I took a deep breath. Then,  agreeing with Bob that we, indeed, have been blessed, I made extra space in our shopping cart for that paper bag.


  1. It's a problem over here too, Kathy, and my DH is one of the cynical ones who sees a scam on every corner. I'm more likely to be the sucker, though even I am hardening up a bit where big companies are concerned. I do think the inequalities and divisions seem to be be deeper in the USA, but of course yours is a bigger country in every way and so its inequalities will be bigger too. What to do? Just go on trying to do some good in our own way and never forget to be grateful for what we have.

  2. Aw, I am glad you caved. It is hard in these times to give with out fear of being taken. During each disaster, I still give to the Red Cross, even though I know some of the money will not make it to those in need. Still, a lot does. It is the old baby and the bath water scenario. We have to work with the tools we have and vote hoping to make things better. I also keep a list of my congress men and women by my computer and e-mail them regularly my concerns.
    Arkansas Patti

  3. I appreciate your post. What is bothersome, is that those who want to put themselves in charge of the rest of us, don't have our best interest at heart, but only their own power and privilege. I am so sick of both party heads threatening the elderly, disabled, and military service families with losing their life lines while insisting that the richest get richer. The $250,000 as being rich probably needs revision in this economy. For a family of 4 that isn't a lot of money. However, there are millionaires and billionaires, who wouldn't hurt one bit with a few percentages of higher taxes. This Administration is no better than the previous Administration regarding Bush's callous coment about being with the "haves and the have mores." Even while helping our neighbors and strangers, we still need to put the corrupted powerful in their place or they will continue to squander the monies WE put in the coffers. I think it is our duty to point out the bad apples, even if we happen to have one of the few good Congresspersons, so that they will hopefully pass on our sentiments to their Leadership.

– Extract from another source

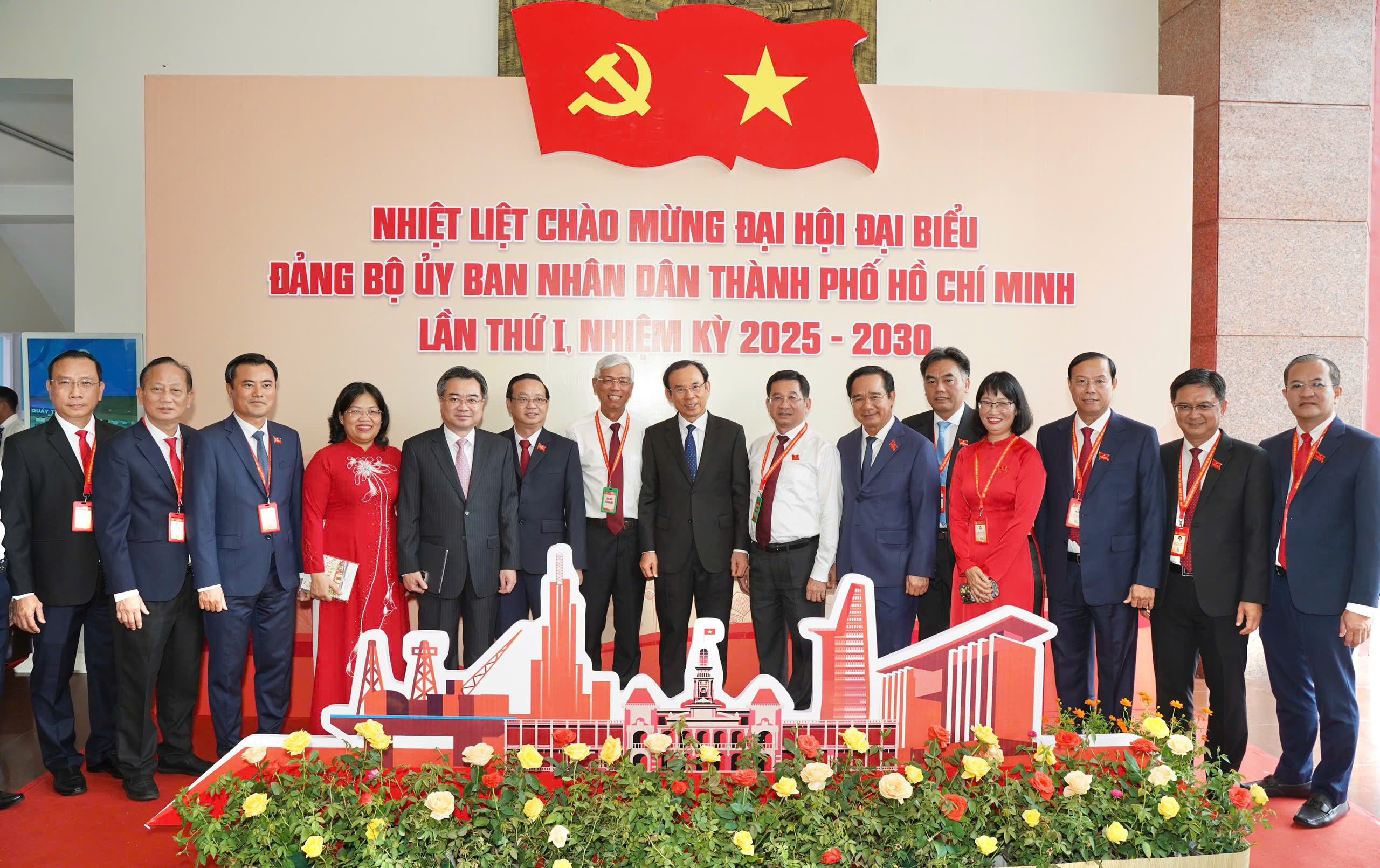 dang-bo-ubnd-tp.hcm-40.jpg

  4. Interesting thoughtful post. We find that giving thru a church (B belongs but I don't) offers us a pretty good guarantee that the money/goods will be used for appropriate causes and people. Btw, how about posting that list of Koch Industries products. I'll join your boycott.

  5. Walking in Seattle yesterday, I passed a dozen people with cups out for contributions. I walked by, not wanting to be scammed.

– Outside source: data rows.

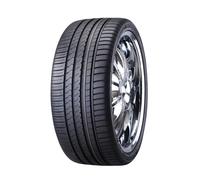 Neumático 195/60 r16 89V Winrun r330 verano nuevo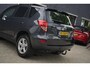 Toyota RAV4 2.0 VVTi Executive, Leder, Trekhaak, Dakje, NAP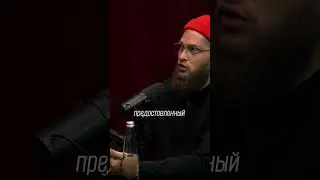 Осознанные сновидения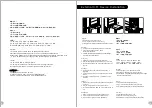 Preview for 6 page of Thermaltake Chaser A41 VP2000 Series User Manual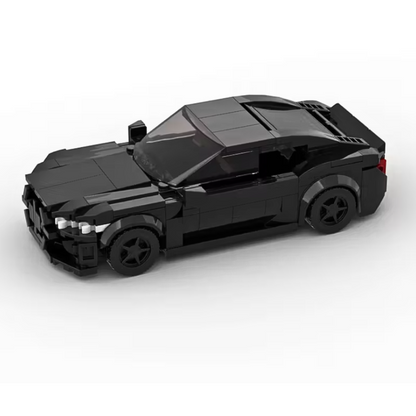 Audi | RS7 Sportback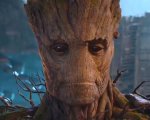 Guardiani della Galassia Vol. 3: James Gunn chiarisce la confusione sul finale di Groot [SPOILER]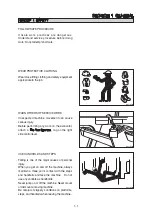 Preview for 13 page of Hyundai HX210 S Service Manual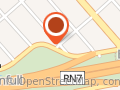 Contactomaq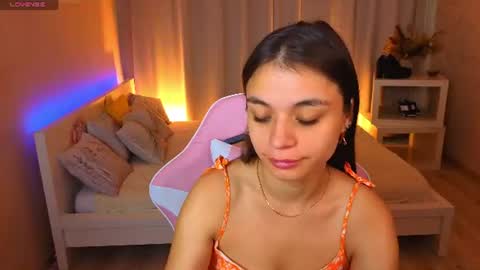 Kim online show from June 2026 01:30:02 AM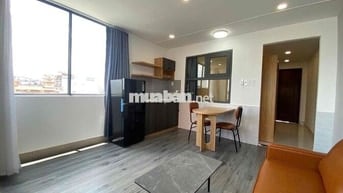 Cho thuê căn hộ 1pn gần đại học RMIT, Phú Mỹ Hưng, Lotte mart quận 7
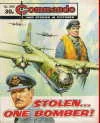 Cover of Issue #2248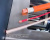 HBQ-426 HBQ-426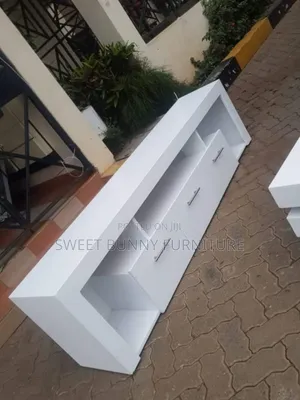Tv Stand Unit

    Still, I want to give where there is need.

    So my husband and I bought a picnic table and a hammock to share with our young neighbors. We bought a used freezer and quarter of a beef. Our neighbors bought a quarter beef also and store it in our freezer. I can be generous close to home.

  6. I like your post very much. It is hard to know which way to turn sometimes. On the one hand we don't want to be taken advantage of -- to have our better natures scammed -- I give most of my charity through the church -- however, there are some charities I have a lot of time for -- the Salvation Army, Help for Heroes, Children in Need, and the Royal Air Force Beneficent Fund top my list. I'm glad you bought the bag!

  7. Our Safeway had the same scam....errr, promotion and I didn't go for it. We have a local food bank and that's where I choose to send my money.

    I was the sight and hearing chair fior our local Lions Club. I was in charge of approving the applications for assistance to pay for eye exams and glasses. I had to constantly fight my cynical nature. While I hope that most of the people who are requesting help have no other way to get the services they need, I suspect that some of them are scamming. The worse ones are the people who call me and whine because the amount our club pays won't cover the entire cost of the frames they have chosen....and then they yell at me that they need more money. Proof that I am no Mother Teresa!